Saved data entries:
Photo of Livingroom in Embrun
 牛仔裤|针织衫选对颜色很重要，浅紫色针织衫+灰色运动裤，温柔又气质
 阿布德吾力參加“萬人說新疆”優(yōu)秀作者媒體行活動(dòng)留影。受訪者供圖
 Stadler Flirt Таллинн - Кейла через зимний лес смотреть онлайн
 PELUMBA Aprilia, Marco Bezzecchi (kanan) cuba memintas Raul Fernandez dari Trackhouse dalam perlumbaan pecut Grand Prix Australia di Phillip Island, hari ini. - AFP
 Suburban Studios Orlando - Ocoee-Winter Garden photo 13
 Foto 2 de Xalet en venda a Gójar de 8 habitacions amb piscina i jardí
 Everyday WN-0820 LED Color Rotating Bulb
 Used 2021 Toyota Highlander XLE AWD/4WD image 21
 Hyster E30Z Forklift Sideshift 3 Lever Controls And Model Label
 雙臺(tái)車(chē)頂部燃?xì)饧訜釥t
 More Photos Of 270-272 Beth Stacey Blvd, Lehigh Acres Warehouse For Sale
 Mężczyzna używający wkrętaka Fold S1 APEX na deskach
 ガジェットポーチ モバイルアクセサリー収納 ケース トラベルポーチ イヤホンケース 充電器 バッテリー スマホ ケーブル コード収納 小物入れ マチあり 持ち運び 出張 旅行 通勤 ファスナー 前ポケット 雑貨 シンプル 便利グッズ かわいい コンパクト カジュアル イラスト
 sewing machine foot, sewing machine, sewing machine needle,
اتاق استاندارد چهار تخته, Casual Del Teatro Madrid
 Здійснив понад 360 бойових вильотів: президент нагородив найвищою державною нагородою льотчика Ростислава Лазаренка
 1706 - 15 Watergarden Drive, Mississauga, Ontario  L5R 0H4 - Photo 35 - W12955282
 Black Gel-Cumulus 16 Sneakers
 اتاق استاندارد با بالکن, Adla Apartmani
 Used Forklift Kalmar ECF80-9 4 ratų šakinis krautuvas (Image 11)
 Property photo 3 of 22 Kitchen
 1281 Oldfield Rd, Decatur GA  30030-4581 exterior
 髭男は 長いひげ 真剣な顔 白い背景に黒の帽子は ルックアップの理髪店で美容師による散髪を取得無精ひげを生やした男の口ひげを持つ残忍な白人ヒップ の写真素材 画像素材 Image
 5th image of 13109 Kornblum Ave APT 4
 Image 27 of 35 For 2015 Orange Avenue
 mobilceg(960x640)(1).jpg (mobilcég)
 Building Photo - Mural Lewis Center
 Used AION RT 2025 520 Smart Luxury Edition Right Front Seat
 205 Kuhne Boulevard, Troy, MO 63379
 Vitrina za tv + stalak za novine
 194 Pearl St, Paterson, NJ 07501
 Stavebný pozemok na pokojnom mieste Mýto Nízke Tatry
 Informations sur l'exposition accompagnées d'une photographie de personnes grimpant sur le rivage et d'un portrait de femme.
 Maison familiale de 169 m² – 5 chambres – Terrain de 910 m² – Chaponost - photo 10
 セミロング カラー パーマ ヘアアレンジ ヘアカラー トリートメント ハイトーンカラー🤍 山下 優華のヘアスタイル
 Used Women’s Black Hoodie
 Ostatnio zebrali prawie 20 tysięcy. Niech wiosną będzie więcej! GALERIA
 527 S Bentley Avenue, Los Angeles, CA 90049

What is needed:
Set down only the lines from the line with "Used Forklift Kalmar" through the last line of the data above, keeping both the first and the last.

Task output:
 Used Forklift Kalmar ECF80-9 4 ratų šakinis krautuvas (Image 11)
 Property photo 3 of 22 Kitchen
 1281 Oldfield Rd, Decatur GA  30030-4581 exterior
 髭男は 長いひげ 真剣な顔 白い背景に黒の帽子は ルックアップの理髪店で美容師による散髪を取得無精ひげを生やした男の口ひげを持つ残忍な白人ヒップ の写真素材 画像素材 Image
 5th image of 13109 Kornblum Ave APT 4
 Image 27 of 35 For 2015 Orange Avenue
 mobilceg(960x640)(1).jpg (mobilcég)
 Building Photo - Mural Lewis Center
 Used AION RT 2025 520 Smart Luxury Edition Right Front Seat
 205 Kuhne Boulevard, Troy, MO 63379
 Vitrina za tv + stalak za novine
 194 Pearl St, Paterson, NJ 07501
 Stavebný pozemok na pokojnom mieste Mýto Nízke Tatry
 Informations sur l'exposition accompagnées d'une photographie de personnes grimpant sur le rivage et d'un portrait de femme.
 Maison familiale de 169 m² – 5 chambres – Terrain de 910 m² – Chaponost - photo 10
 セミロング カラー パーマ ヘアアレンジ ヘアカラー トリートメント ハイトーンカラー🤍 山下 優華のヘアスタイル
 Used Women’s Black Hoodie
 Ostatnio zebrali prawie 20 tysięcy. Niech wiosną będzie więcej! GALERIA
 527 S Bentley Avenue, Los Angeles, CA 90049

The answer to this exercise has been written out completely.